Whatever your game plan is that you create for the holiday season — stick to the ground rules, no matter what. If the break room at work is full of holiday treats throughout November and December, take more breaks at your desk, and pack and bring your own fresh fruits or veggie snacks to nibble on. While at a party, dinner, or family gathering do not over pack your plate or your children’s plates. Only give yourself and your children just enough to eat; what your positive voice considers to be healthy options and portions. Eat slowly and avoid repeated trips back to buffet to make plate-after-plate. Eat more fruits, vegetables, protein, and less refined carbohydrates.

Listen to your positive voice.

Something tells me, you’ve been very disciplined and driven with your fitness and healthy eating routine this year. So, you know what I mean when I say, listen to your positive voice versus your negative voice. Let’s face it, it’s the holiday season, the time of the year for thankfulness, joyful gatherings, giving, food, desserts, gifts, fun, laughter, traditions, celebrations, family, friends, co-workers, etc. In the midst of it all, it will be your positive voice to pull and get you through by reminding you to stay committed to your ground rules, exercise, and keep a healthy eating routine. Hear and embrace your positive voice each time when it speaks to you saying, “It is okay to have fun, eat, drink, give, and share joy and laughter – but don’t get carried away.”

Treat yourself, eat your favorite foods.

If your family and friends are like my family and friends, the holiday season is always packed with nonstop traditional foods, drinks, desserts, and more. And more times than not, there will always be something you must have and enjoy each year because it might be something that is only prepared during this time of the year. Do not attempt to deprive yourself of your favorite foods. This will only set you up for a disappointing binge. Allow yourself a small portion as your preferred treat and savor it.

Have fun.

Everyone deserves and should have fun throughout the holiday season. Holidays are an opportunity to catch up with family and friends. But the focus on food and eating during this season can be very rough, especially for those who have committed themselves to a fit and healthy way of living. Holiday meals and traditions do not have to be the downfall of what you’ve worked hard for all year. With a little preparation of your ground rules, you’ll be ready to face any November through December holiday season head-on, and enjoy it.

“Yes” and “No”, politely.

It’s tough to say “no” to your co-workers, family members or a stranger at a holiday dinner or party, so when they offer food or a treat to you that you know is loaded with calories, tell them thank you and take it. Say it looks tasty and you wish to take it with you because you’ve just eaten. Ask them to wrap it up for you for later — and give or share it with others so you do not ruin your healthy eating lifestyle on foods and treats loaded with calories during the holiday season. It’s okay…you do not have to be impolite because someone wants to give you food or a treat. Saying “no” and “yes” politely will keep feelings and relationships healthy and filled with joy throughout the season.
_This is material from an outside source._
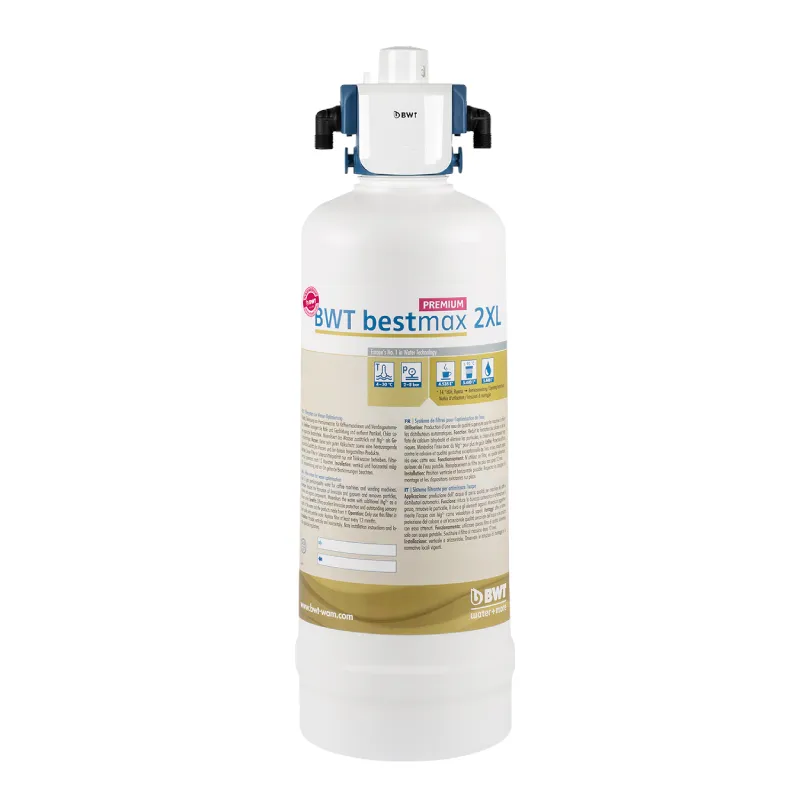BWT Bestmax PREMIUM 2XL Cartouche de filtration anti-calcaire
With countless parties, traveling here and there, delicious dessert exchanges, family gatherings, and plentiful holiday meals this time of year, even the most committed fit and healthy-eating person can be tempted to overindulge. Sure, the joy and spirit of the season is a great time to enjoy food, drinks, and treats, but you do not want to wake up on the other side of New Year’s Day kicking yourself for overdoing it. Thankfully you will have a few ground rules, continued dedication, and restraint on your side, so you can prevent ruining your commitment to healthy eating and fitness — and still have lots of fun throughout the holiday season.